** Opening EXCERPTED DATA block **

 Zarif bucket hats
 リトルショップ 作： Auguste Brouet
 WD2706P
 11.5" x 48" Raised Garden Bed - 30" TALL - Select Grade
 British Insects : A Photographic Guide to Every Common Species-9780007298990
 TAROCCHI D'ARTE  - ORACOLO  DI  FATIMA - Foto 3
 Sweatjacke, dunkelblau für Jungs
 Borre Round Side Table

** Closing EXCERPTED DATA block **
** Opening EXCERPTED DATA block **

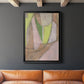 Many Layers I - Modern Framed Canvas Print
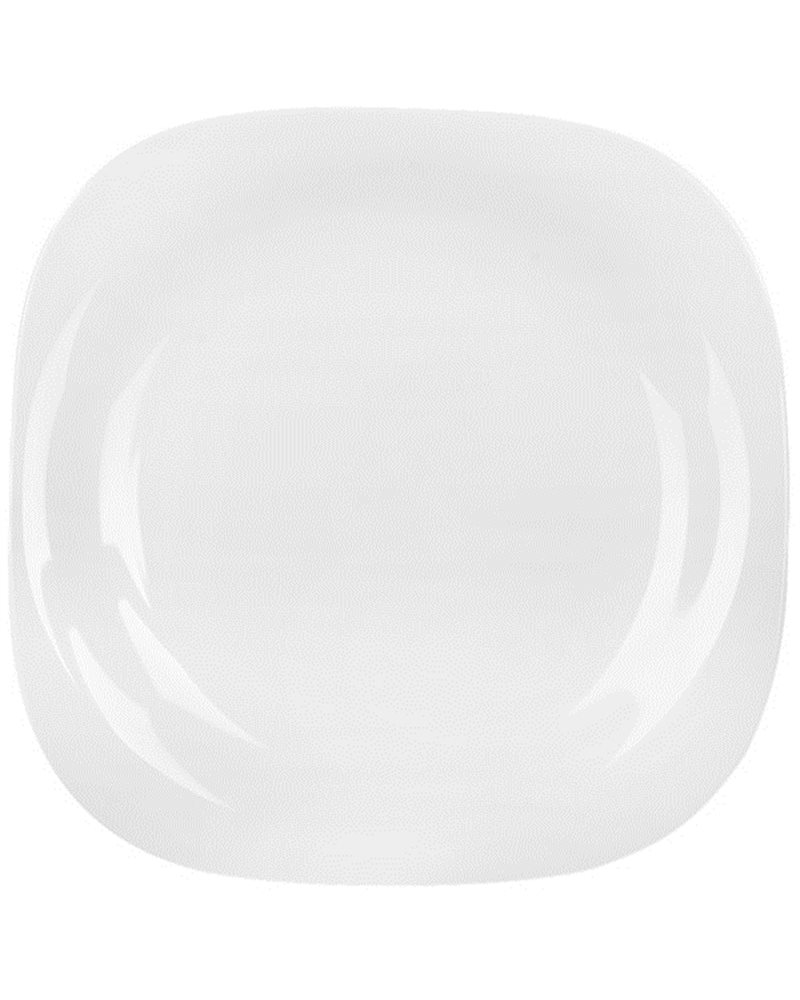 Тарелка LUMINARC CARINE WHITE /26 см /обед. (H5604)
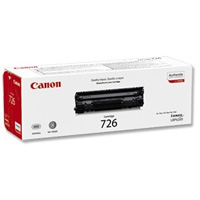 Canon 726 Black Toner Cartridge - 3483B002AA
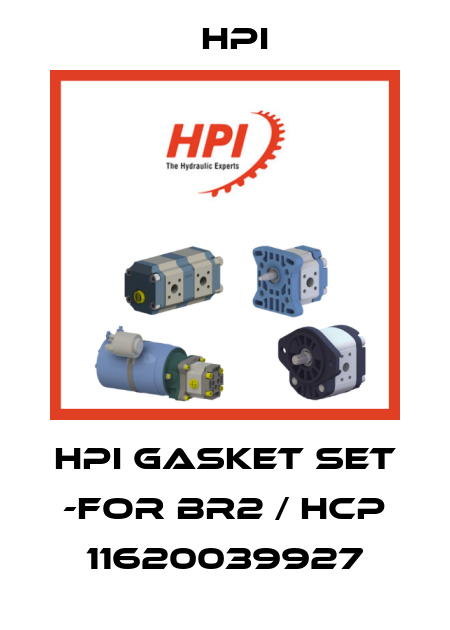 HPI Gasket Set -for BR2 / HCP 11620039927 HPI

** Closing EXCERPTED DATA block **
** Opening EXCERPTED DATA block **

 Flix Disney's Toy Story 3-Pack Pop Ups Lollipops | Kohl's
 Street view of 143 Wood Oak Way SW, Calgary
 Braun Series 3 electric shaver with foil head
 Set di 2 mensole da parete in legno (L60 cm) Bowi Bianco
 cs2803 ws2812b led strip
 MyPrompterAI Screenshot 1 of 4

** Closing EXCERPTED DATA block **

Would you print exactly, and only, the lines of the data above from the line with "British Insects : A" through the line with "Borre Round Side Table", inclusive?

* [EXERCISE OUTPUT]:
 British Insects : A Photographic Guide to Every Common Species-9780007298990
 TAROCCHI D'ARTE  - ORACOLO  DI  FATIMA - Foto 3
 Sweatjacke, dunkelblau für Jungs
 Borre Round Side Table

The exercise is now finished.